* TASK ITEM:
Set down a true copy of the data, with all pictures left out.
################
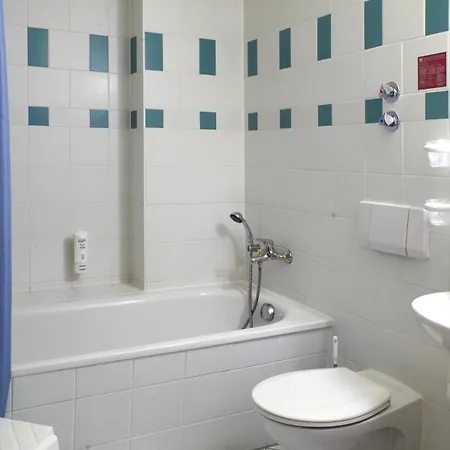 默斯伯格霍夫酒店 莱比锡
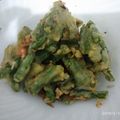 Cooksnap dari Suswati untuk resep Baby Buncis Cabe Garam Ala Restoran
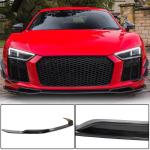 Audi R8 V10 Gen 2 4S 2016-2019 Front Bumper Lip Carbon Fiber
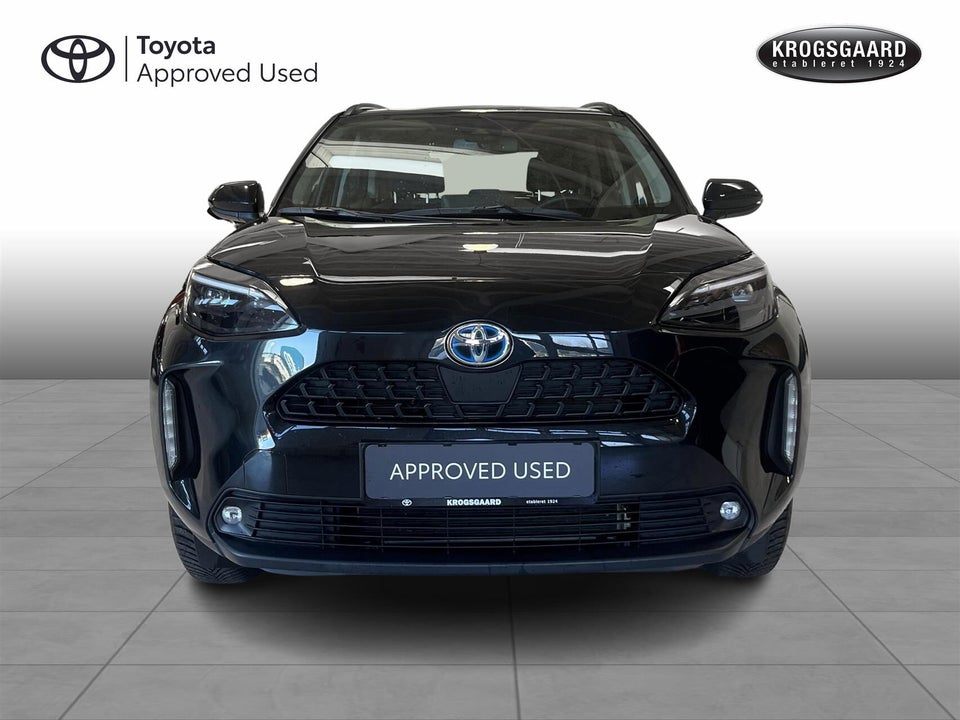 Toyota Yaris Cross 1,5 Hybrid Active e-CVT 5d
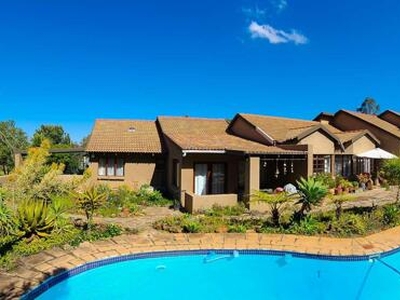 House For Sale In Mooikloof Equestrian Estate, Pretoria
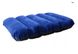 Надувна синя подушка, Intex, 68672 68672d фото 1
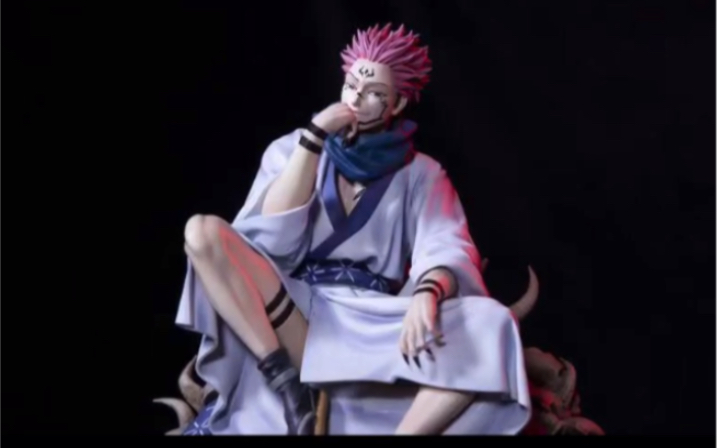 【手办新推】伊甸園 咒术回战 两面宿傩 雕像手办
################
* SOLUTION TO THIS PROBLEM:
 默斯伯格霍夫酒店 莱比锡
 Cooksnap dari Suswati untuk resep Baby Buncis Cabe Garam Ala Restoran
 Audi R8 V10 Gen 2 4S 2016-2019 Front Bumper Lip Carbon Fiber
 Toyota Yaris Cross 1,5 Hybrid Active e-CVT 5d
 House For Sale In Mooikloof Equestrian Estate, Pretoria
 Надувна синя подушка, Intex, 68672 68672d фото 1
 【手办新推】伊甸園 咒术回战 两面宿傩 雕像手办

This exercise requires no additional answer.